**WHAT TO WORK ON**
Would you return the data below exactly as it stands, with every picture left out?
-------- GIVEN INFORMATION
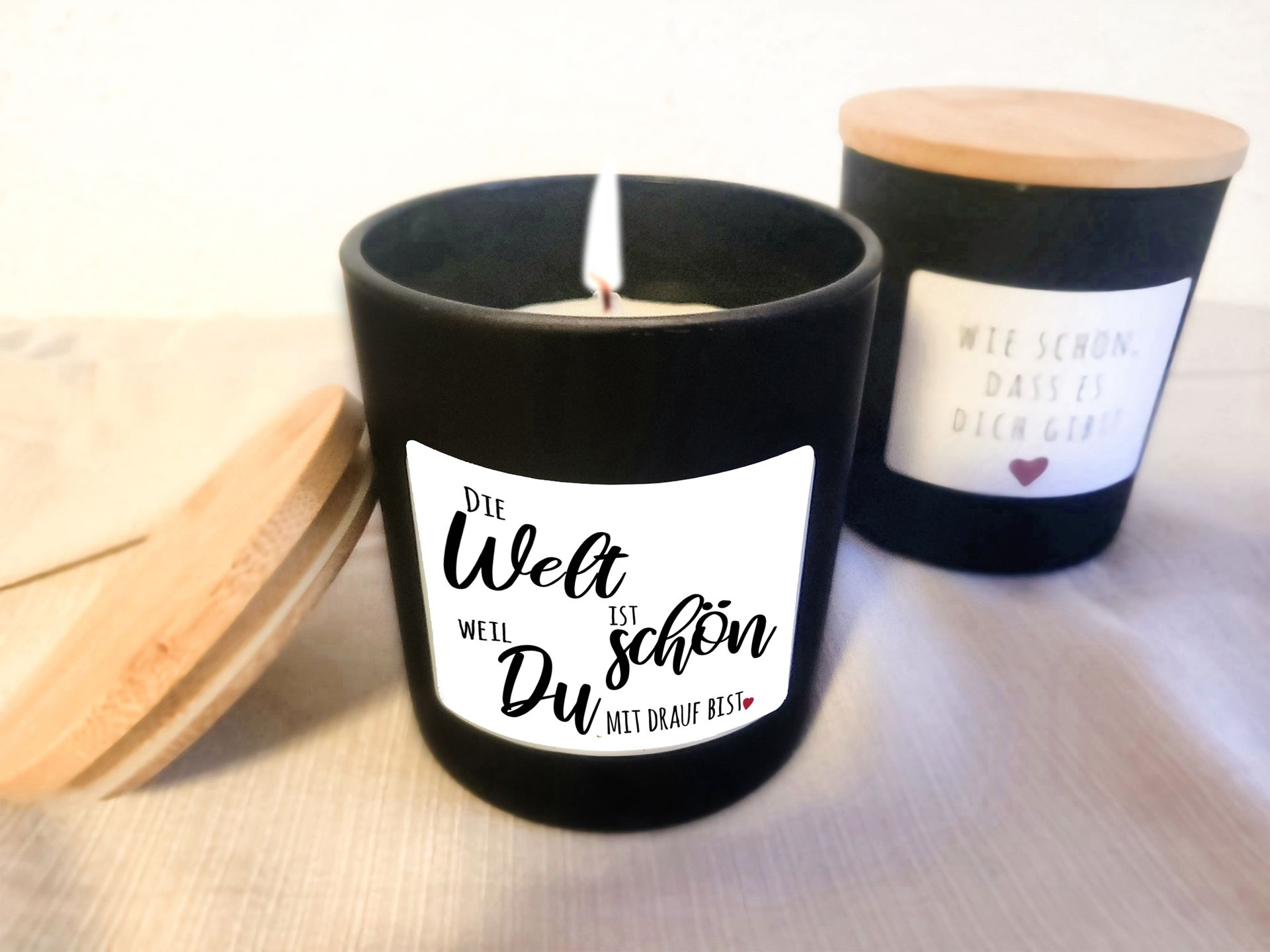 Duftkerze im Glas mit Spruch 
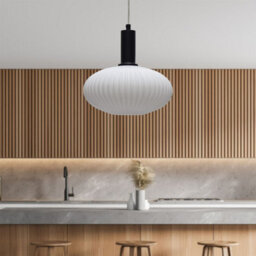 First Choice Lighting Set Of 2 Baton - White Ribbed Oval Glass Black Deco Pendant Fittings - thumbnail 4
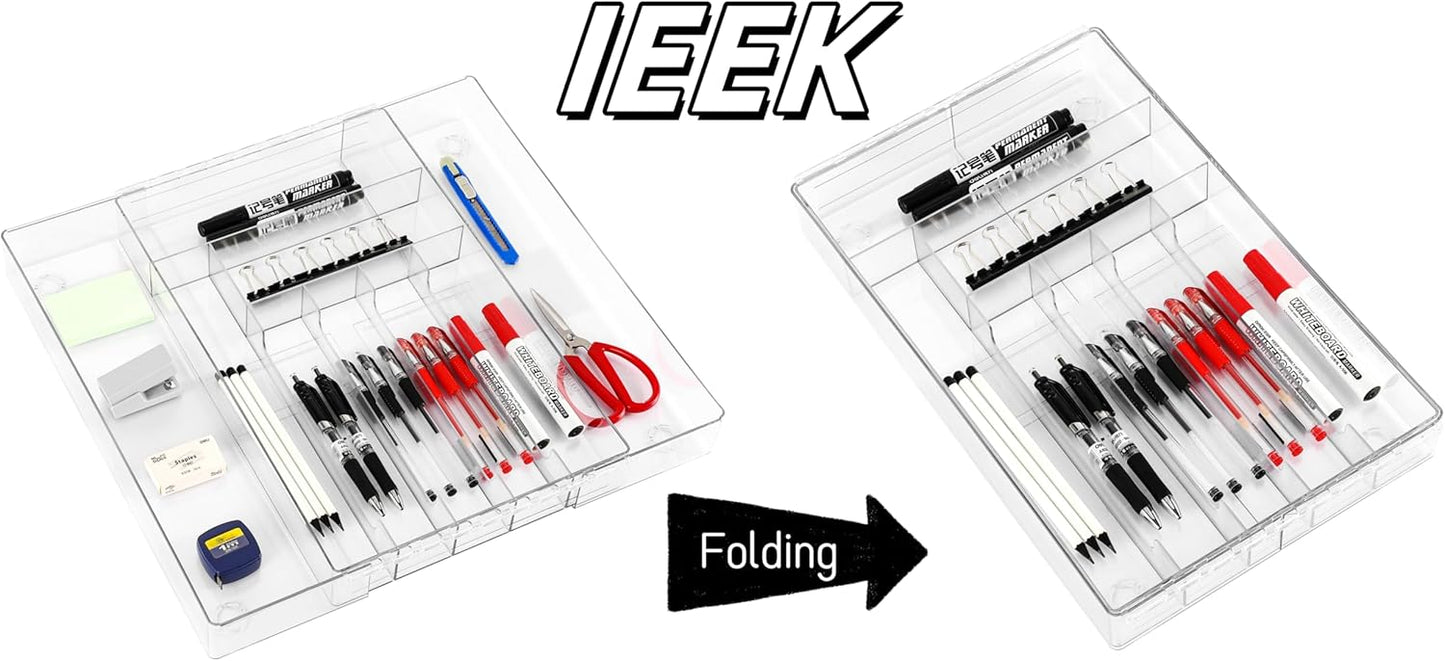 IEEK Silverware Drawer Organizer Tray for Kitchen,Expandable Utensil Tray Multipurpose Drawer Dividers Adjustable Cutlery and Flatware Holder,Plastic Spoon Forks Knives Holder Storage Divider,Clear-M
----------------
**EXERCISE ANSWER**
 Duftkerze im Glas mit Spruch 
 First Choice Lighting Set Of 2 Baton - White Ribbed Oval Glass Black Deco Pendant Fittings - thumbnail 4
 IEEK Silverware Drawer Organizer Tray for Kitchen,Expandable Utensil Tray Multipurpose Drawer Dividers Adjustable Cutlery and Flatware Holder,Plastic Spoon Forks Knives Holder Storage Divider,Clear-M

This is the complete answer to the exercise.